→ **PROBLEM TO WORK ON**: Everything in the data below is left aside except the lines from the one containing "Urfi Javed is" through the one containing "Call Of Duty"; repeat those exactly.

→ **MATERIAL SUPPLIED**:
—————

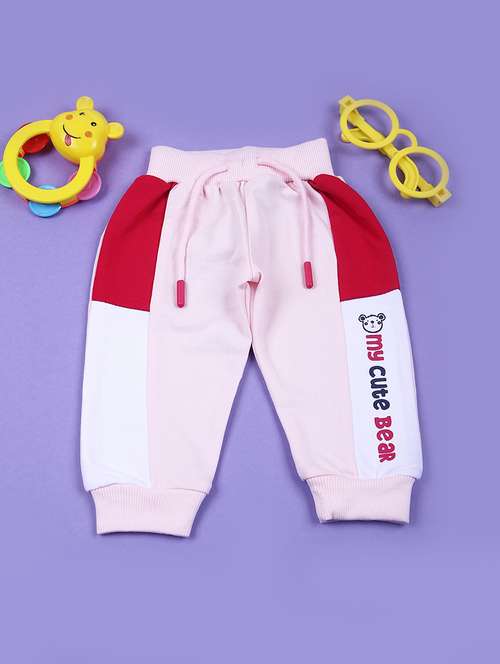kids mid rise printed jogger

—————

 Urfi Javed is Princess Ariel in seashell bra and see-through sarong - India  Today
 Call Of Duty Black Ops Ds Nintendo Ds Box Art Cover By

—————

→ **SOLUTION**:
 Urfi Javed is Princess Ariel in seashell bra and see-through sarong - India  Today
 Call Of Duty Black Ops Ds Nintendo Ds Box Art Cover By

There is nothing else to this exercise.